自动装盒机椭圆-圆齿轮行星轮系取盒机构轨迹分析与设计

Elliptical-circular Planetary Gear Train Box-taking Mechanism Design and Trajectory Analysis for Automatic Cartoning Machines

自动装盒机连续旋转式行星轮系取盒机构与间歇式往复摆杆取盒机构相比,机构振动小,速率更高。基于行星轮系取盒机构输出末端内摆线运动特性要求和非圆齿轮传动比可变的特点,提出一种椭圆-圆齿轮行星轮系代替现有的圆齿轮行星系取盒机构,使输出末端运动轨迹和特性得到优化。建立圆齿轮行星系取盒机构和椭圆-圆齿轮行星轮系取盒机构的运动学模型,分析两种机构的工作原理和运动特性,对机构进行轨迹仿真和运动特性求解,分析出机构主要参数对机构运动轨迹和特性的影响。利用人机交互的方法,对椭圆-圆齿轮行星轮系取盒机构的参数优化,得到一组较优的结构参数,并建立三维仿真模型。参数优化后的椭圆-圆齿轮行星轮系取盒机构运动特性与圆齿轮行星系取盒机构对比,在取盒和放盒工位的速度变化减小14.3%,最大加速度减小9.9%。上述研究可为行星轮系高速吸盒机构的设计提供理论依据。

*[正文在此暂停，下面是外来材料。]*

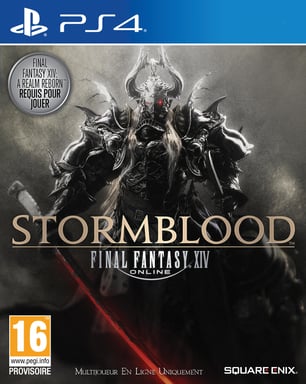 Final Fantasy XIV Stormblood Juego PS4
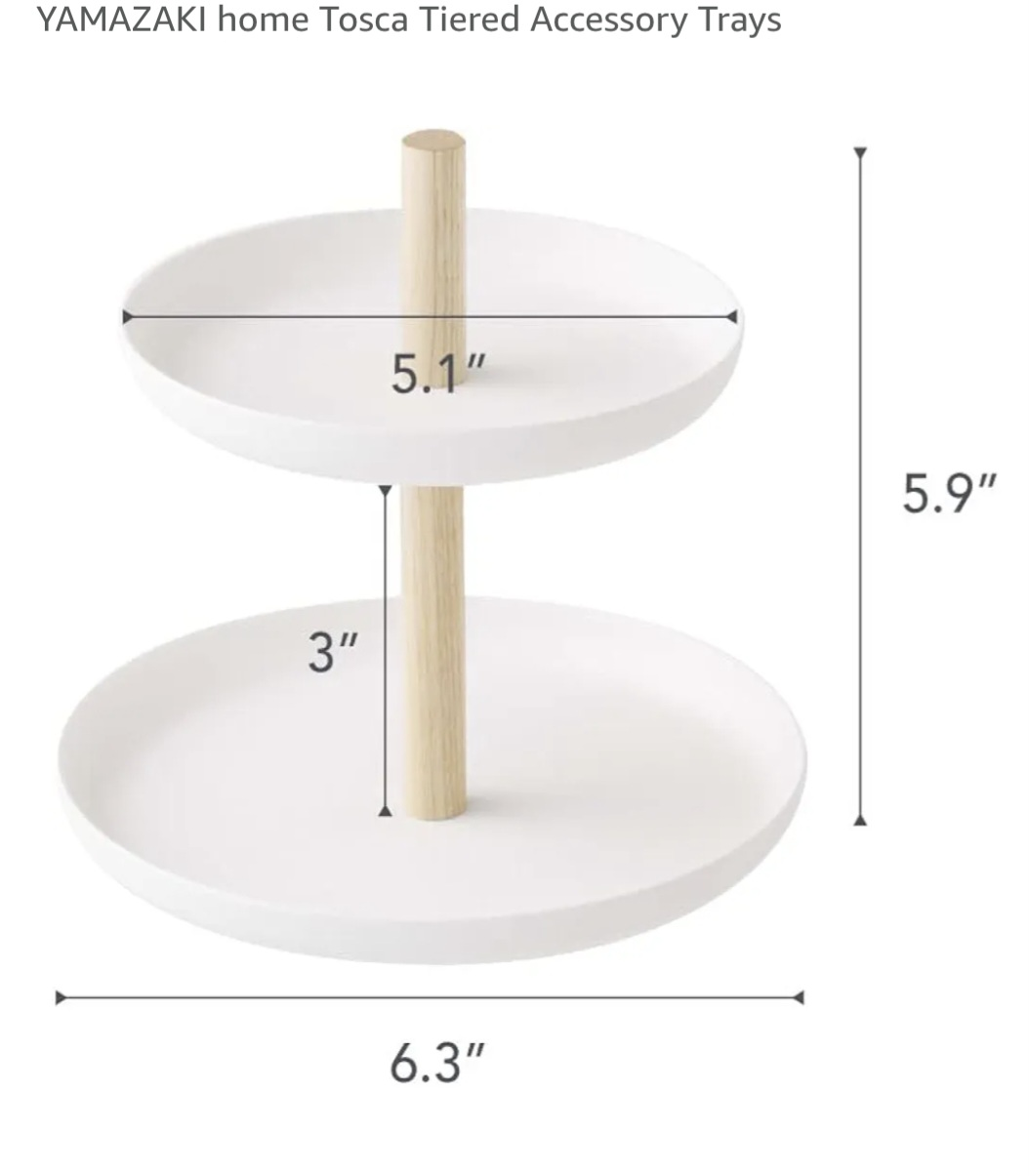 Home Tosca Tiered Accessory Trays - photo 4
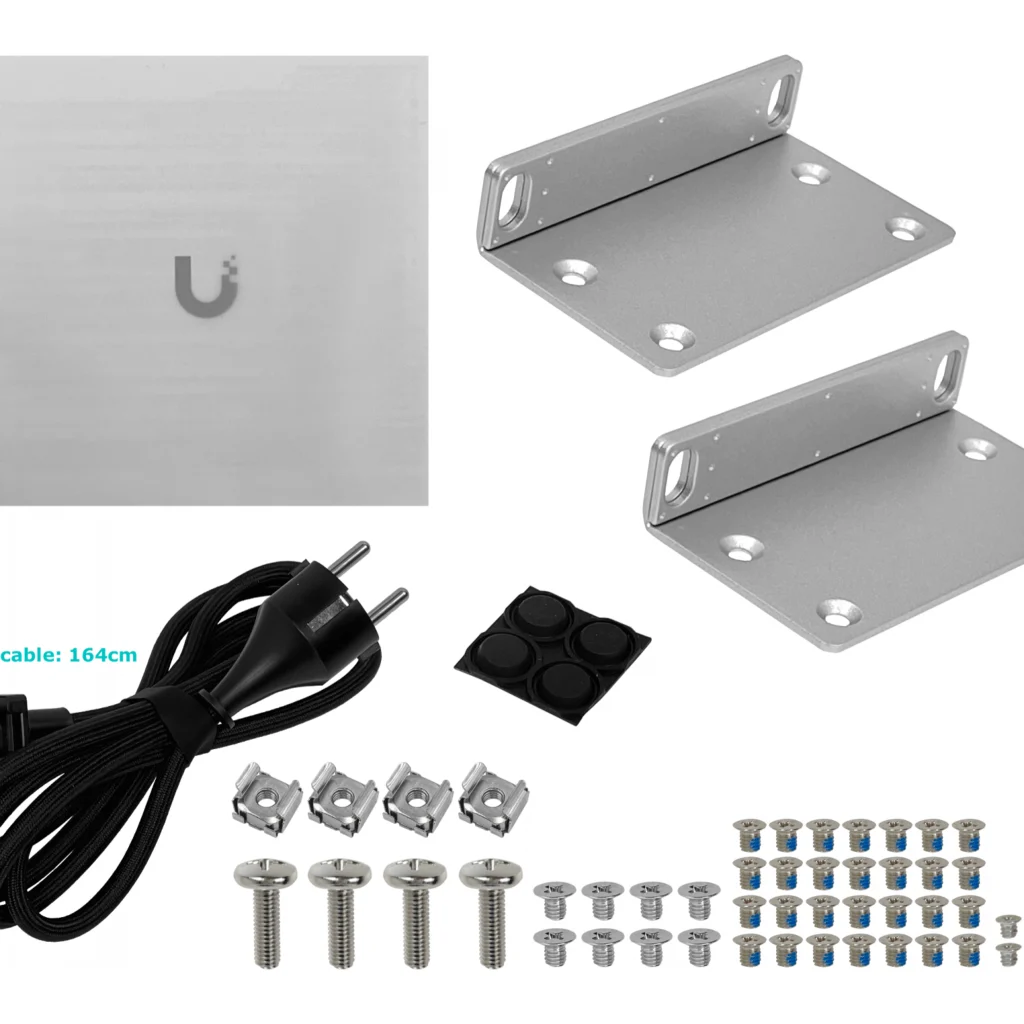 Imagen 3 de NAS Ubiquiti UNAS-PRO, 7 Bahías 2.5"/3.5" 2U 10Gbps Cortex-A ARM 8GB LAN SFP+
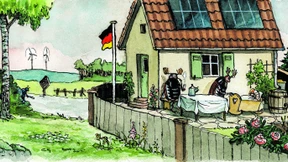 Grüne Liebe zur Heimat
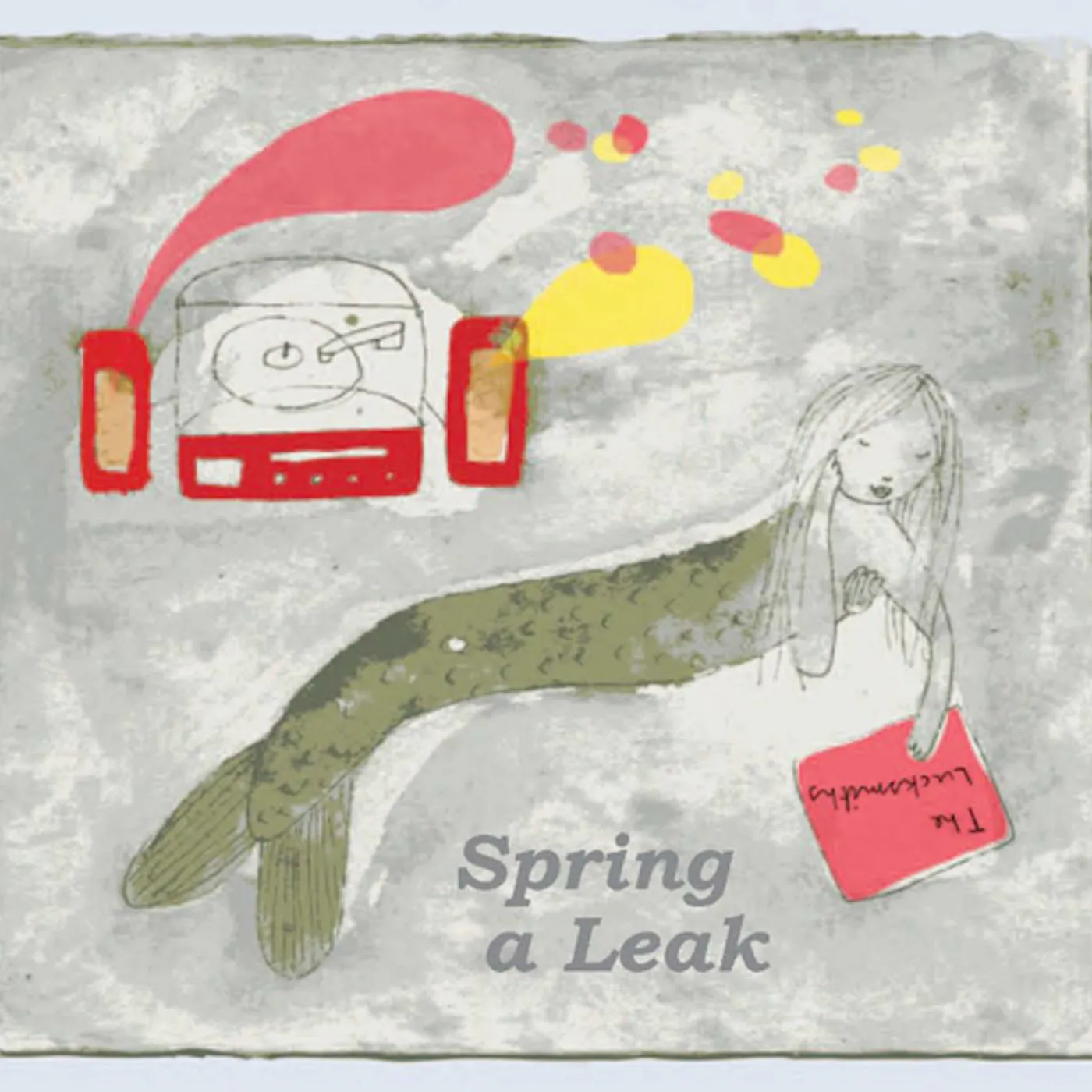The Lucksmiths SPRING A LEAK CD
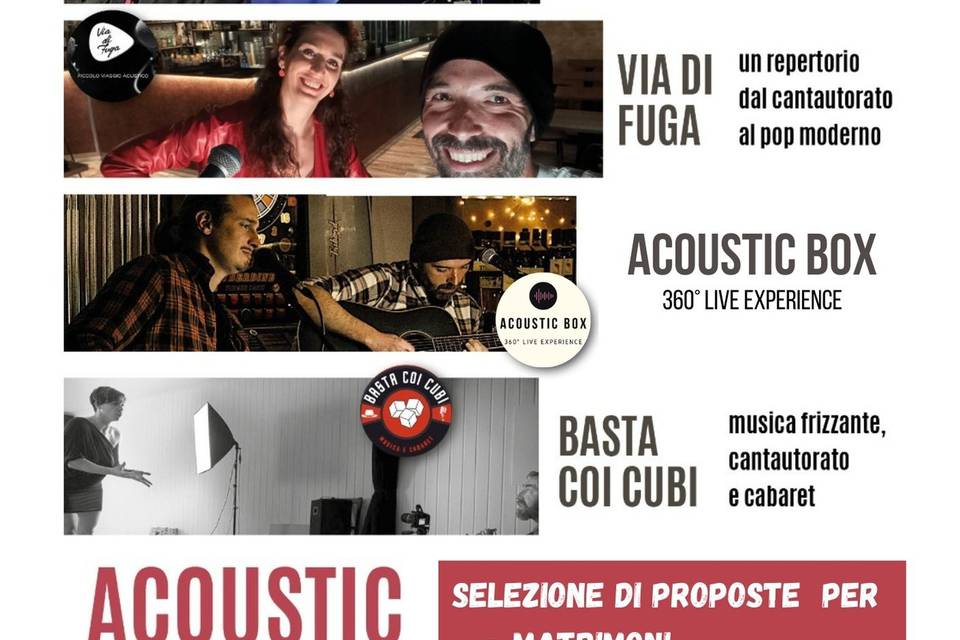 Piccolo Viaggio Acustico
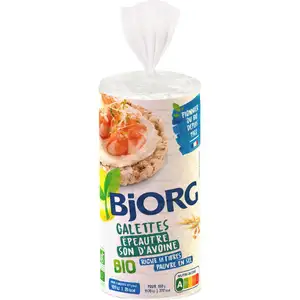 នំស្រូវសាឡីស្ងួត-Bjorg - Bjorg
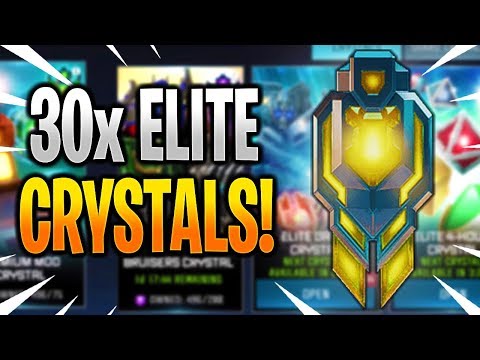 30+ ELITE DAILY CRYSTAL OPENING! - Transformers: Forged To Fight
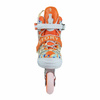 Story Spike Nastavitelné inline brusle LED Orange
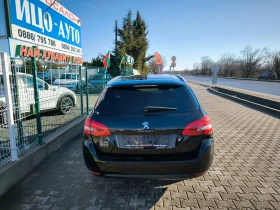 Peugeot 308 БЕНЗИН-110k.c.BEPИГА, НАВИ, EBPO 6, снимка 5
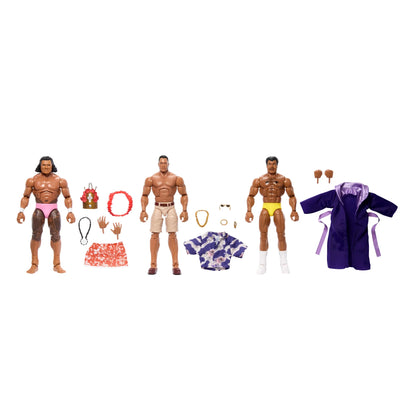 WWE Elite Generations Box Set: The Rock, Johnson, Maivia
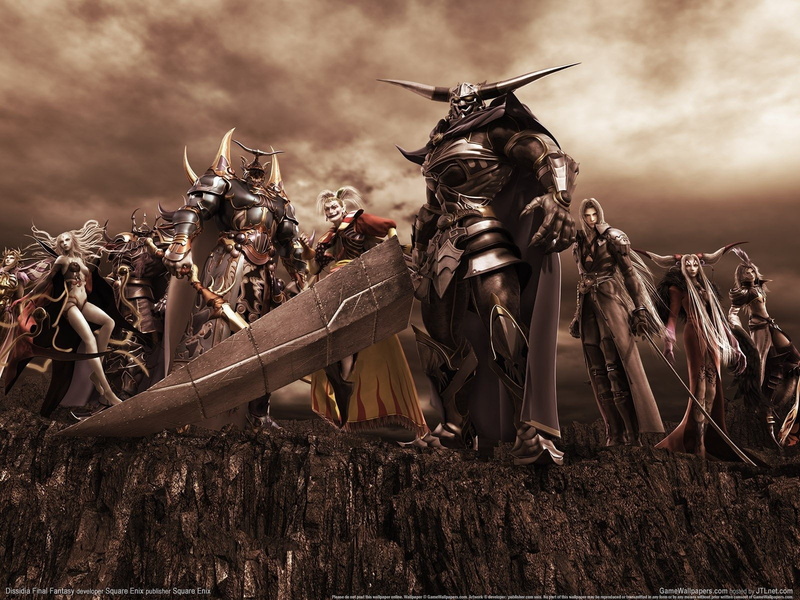 The Emperor (Final Fantasy), Kuja (Final Fantasy), event, Final Fantasy, Golbez (Final Fantasy), nature, art and craft, group of people, animal wildlife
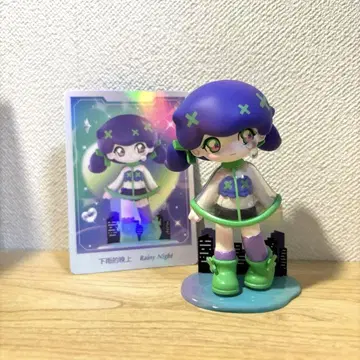 [ 일본 한정판 ] POP MART AZURA Rainy Night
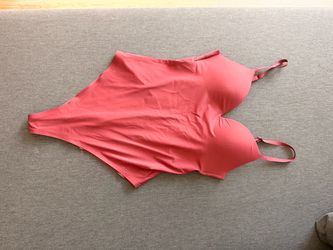 Incanto bodysuit in wine/burgundy color.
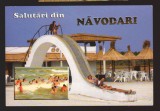 CPIB 21852 - CARTE POSTALA - SALUTARI DIN NAVODARI, MOZAIC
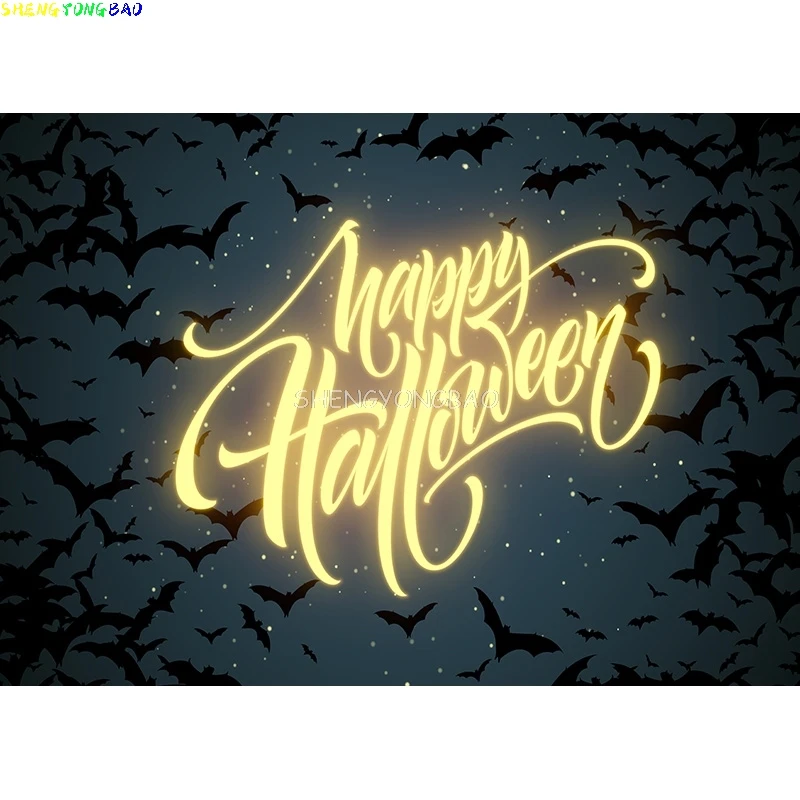 خلفية قلعة حجر القبر للهالوين ، فانوس ، صورة قمر ، تصوير فوتوغرافي ، مستلزمات استوديو الصور ، خلفية اليقطين #4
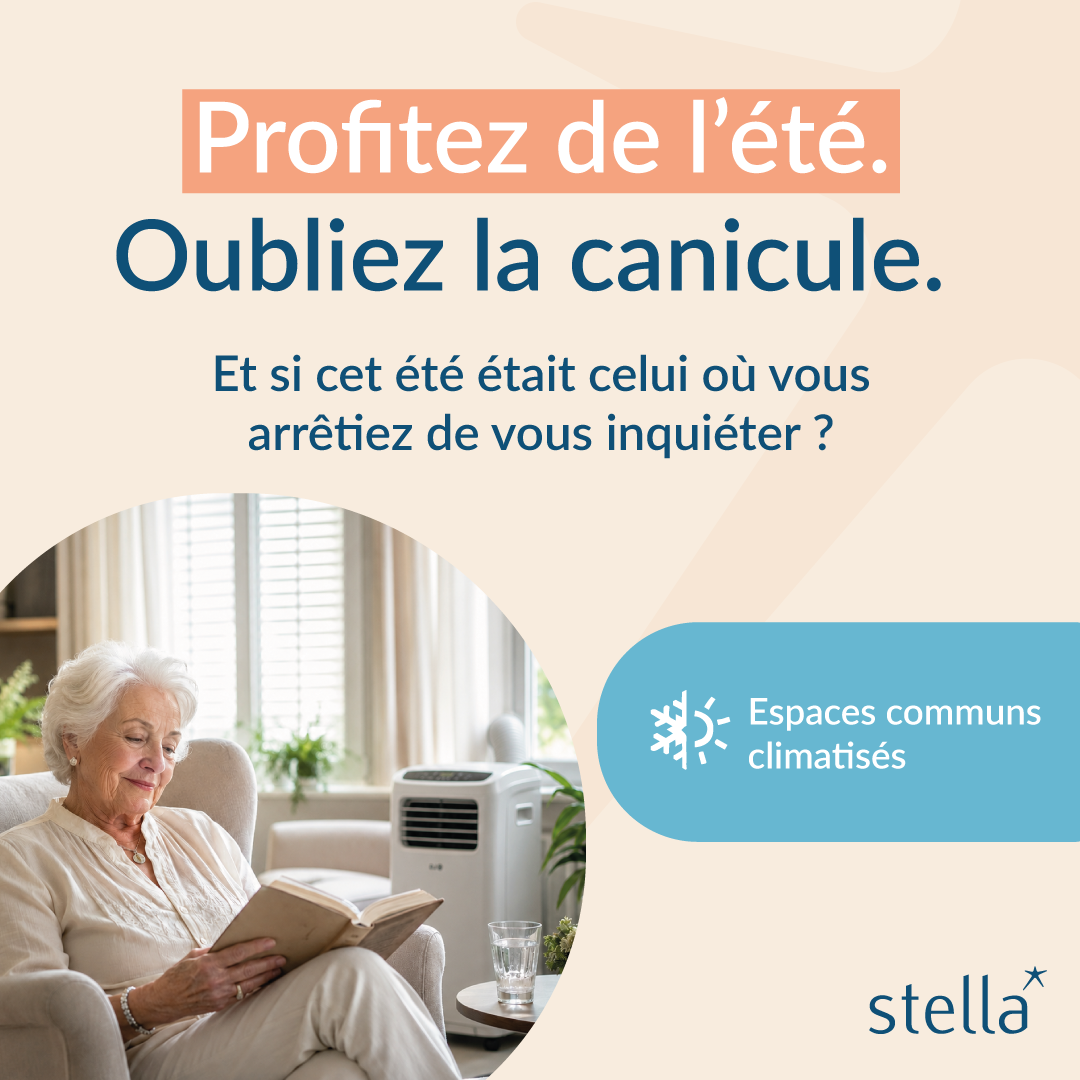 Stella Résidences Seniors Facebook ad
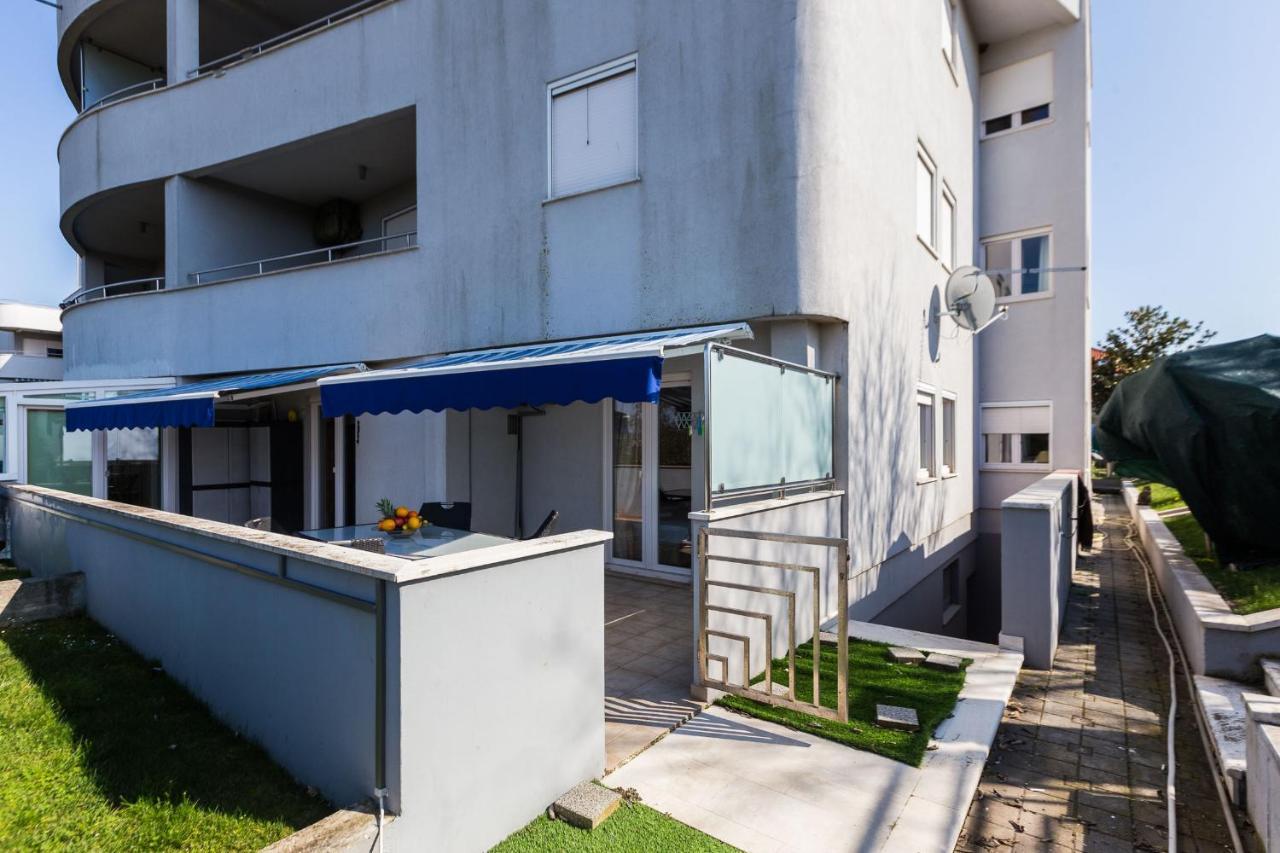 Peter Villa Spalldi Puntamika Exclusive W. Garage Zadar Zewnętrze zdjęcie
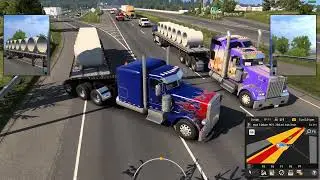 Oil lights [AMERICAN TRUCK SIM]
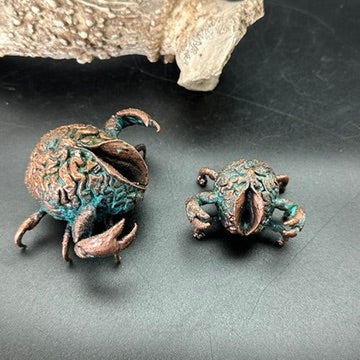 Snatch ~ Copper Electroformed Creature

A planetary gear train box-taking mechanism continuously rotates in automatic cartoning machines and shows a better performance than the pendulum box-taking mechanism due to its smaller trajectory and higher speed. Based on the movement requirements of hypocycloid trajectory and variable transmission ratio character of a non-circular gear train, a new type of box-taking mechanism of planetary gears using elliptical-circular gear is developed instead of circular planetary gears. The extremity movement trajectory of the box taking is also optimised. Thereafter, the kinematic models of circular and elliptical-circular planetary gears are established, and the work principle and movement characteristics of the two mechanisms are analysed. Moreover, the simulated trajectory and movement characteristics of the mechanisms are solved, and the influence of the main parameters on movement trajectory and characteristics are analysed. Using the man-machine interactive optimisation method, the parameters of the elliptical-circular planetary gear train box-taking machine are optimised, and a group of superior structural parameters is identified. In addition, a three-dimensional simulation model is developed using the main structural parameters. Finally, the movement characteristics of the elliptical-circular gear are compared with those of the circular planetary gear. The change in velocity reduced by 14.3% at the box-taking and box-putting stations, while the maximum acceleration decreased by 9.9%. This study can provide a theoretical basis for the design of planetary gear train box-taking mechanism.